The poster campaign went a step further with local party and military leaders in some provinces being denounced by name. The March 29 New York Times quoted “reliable witnesses” who reported wall posters in Taiyuan, capital of Shansi province, “calling for the removal of Hsieh Chen-hua, first party secretary and military commander of the province, and Tsao Chung-nan, deputy political commissar of the province.” Also reported have been poster attacks on Tseng Ssu-yu, the commander of the Shantung Military Region; Han Hsien-chu of the Lanchow Military Region; and Li Teh-sheng, commander of the Shengyang Military Region in Manchuria. Li, one of the five deputy chairmen of the party, is the most prominent official to be attacked to date. Posters denouncing him were reported first in Anhwei and then in more than a dozen other provinces.

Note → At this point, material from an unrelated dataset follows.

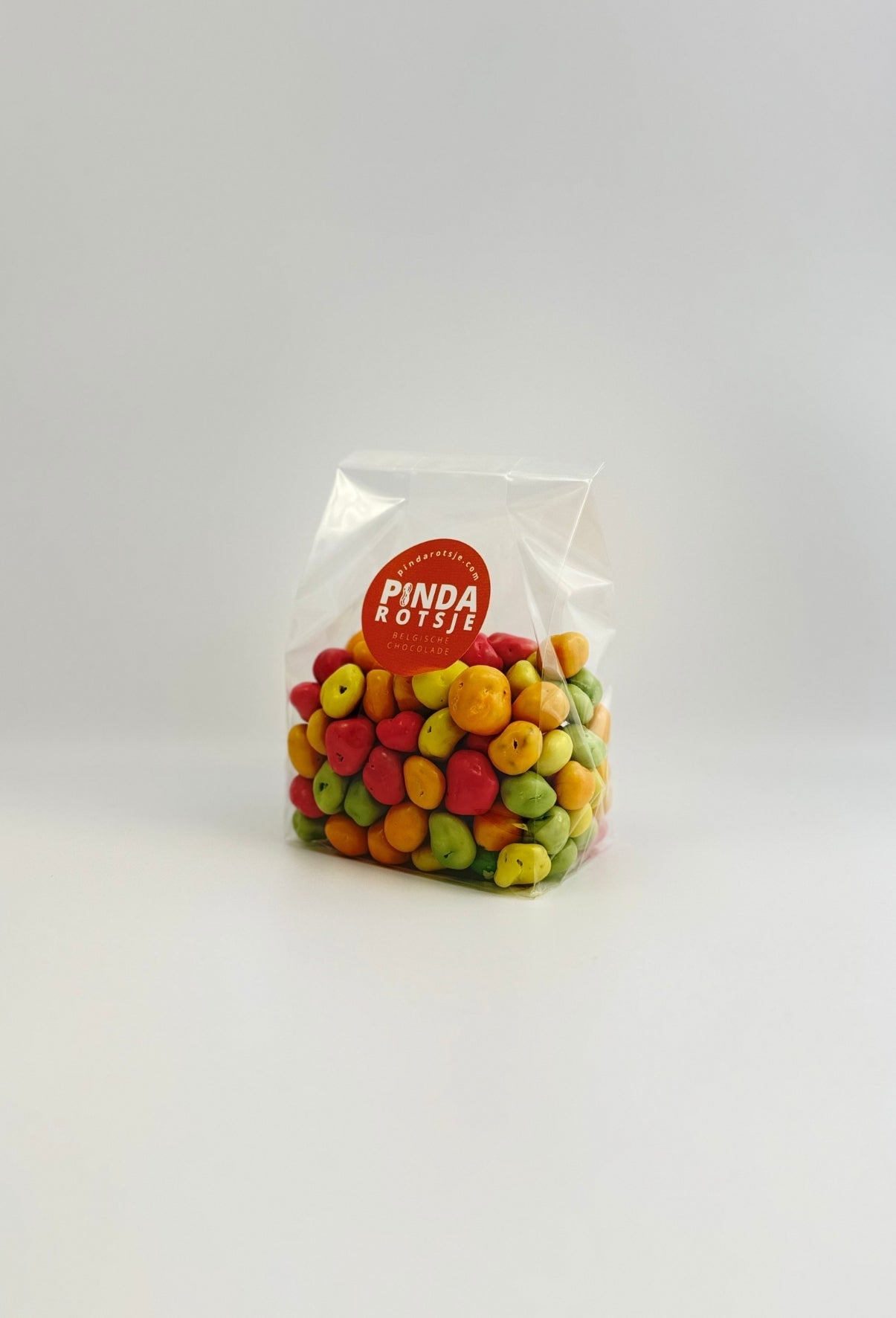 Gekleurde jumbo rozijnen met chocolade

The May 16 Christian Science Monitor reported that in five other provinces -- Kirin, Fukien, Honan, Shantung, and the Sinkiang autonomous region -- local leaders were attacked for a variety of “serious mistakes,” but were not named outright. In Hunan, Shensi, and Kwangtung, the report stated, radio stations had denounced local “sworn followers” of Lin Piao, but it was not clear whether those under attack were still in public life.
Posters Flower in Peking
The next stage in the campaign began on June 13, when big-character wall posters attacking the Peking Municipal Revolutionary Committee appeared openly on the streets of Peking. According to a Reuters report of that date, the posters accused the committee of trying to rehabilitate the reputations of former Chief of State Liu Shao-chi and former Mayor Peng Chen, both of whom were ousted during the Cultural Revolution.
A report from Hong Kong by H.D.S. Greenway in the June 15 Washington Post stated: “Previously, the display of critical wall posters in the capital was strictly curtailed. They were allowed only in certain areas, usually behind the walls of compounds, and foreigners were discouraged from photographing or even reading them. All that has changed now, and according to reports reaching here, the Chinese have even set aside parking areas for foreign diplomats and journalists who wish to see the posters.”

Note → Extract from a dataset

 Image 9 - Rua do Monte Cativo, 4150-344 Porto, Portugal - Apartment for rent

The campaign developed further with attacks on individual leaders in Peking. Le Monde of June 26 reported:
“Two high-ranking Chinese individuals have been taken to task by name in a new series of posters that appeared the morning of June 25 on the walls of Peking. They are Chia Ting, vice-president of the capital’s Revolutionary Committee, and Ti Fu-tsai, a member of the Cultural Group of the State Council. The authors of the posters -- a group of workers from the Peking locomotive factory -- accuse these two individuals of having ‘plotted’ with Chen Po-ta, former secretary of Mao Tsetung and a member of the Political Bureau’s Standing Committee, prior to the August 1970 session of the Central Committee in Lushan.”

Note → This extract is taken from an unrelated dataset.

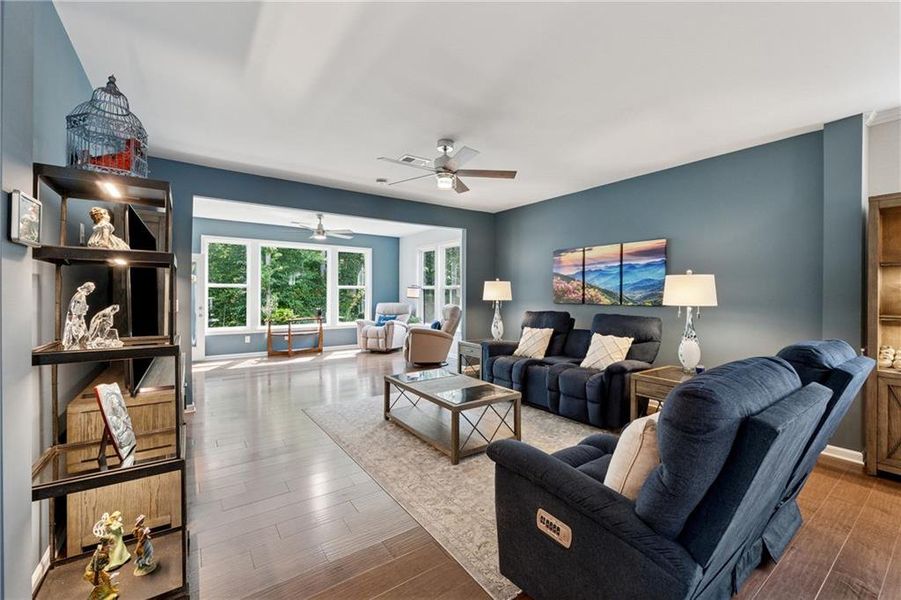 Furnished interior view inside a new home in Poplar Place, Dallas (Image 6).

Some of the wall posters in the current campaign have reported violence and bloodshed in certain provinces.
“According to new wall posters that appeared on Peking’s walls on Monday, June 24,” the June 25 Le Monde said, “more than 200 people have been killed in the course of incidents that occurred in Kiangsi province in southeast China.... The June 19 clash, in which it is reported that ‘projectiles,’ ‘clubs’ and ‘iron bars’ were used, took place in the provincial capital, Nanchang....
“The posters are signed by workers from Kiangsi province, who report that families have been decimated and cite the case of a 71-year-old woman who was killed. They also report that several persons have been arrested. The June 19 incident, the authors state, was stirred up by ‘rightist elements’ who, armed with cudgels, commandeered several trucks for use as propaganda vehicles.”
According to an earlier account by Agence France-Presse, cited in the April 17 Washington Post, visitors in Canton saw posters there saying that about thirty persons had been executed by firing squad for having opposed the campaign against Lin and Confucius.
Accounts of jailings and mistreatment in prison have also appeared in the posters. A Reuters dispatch in the June 28 New York Times mentioned one poster written by “a woman who said she had been beaten and had her arm twisted during a stay in jail lasting 329 hours.”
Another poster, signed by Chong Jun-de, a member of a people’s commune in Kirin province, tells how he was arrested in Peking on May 26 for having put up big-character wall posters. He was imprisoned in the capital for ninety-nine hours, during which he was subjected to a severe disciplinary measure called “the position of the boat.”
The June 26 Washington Post reported that “he was then transferred to a prison in his own province of Kirin, and stayed inside for 16 days.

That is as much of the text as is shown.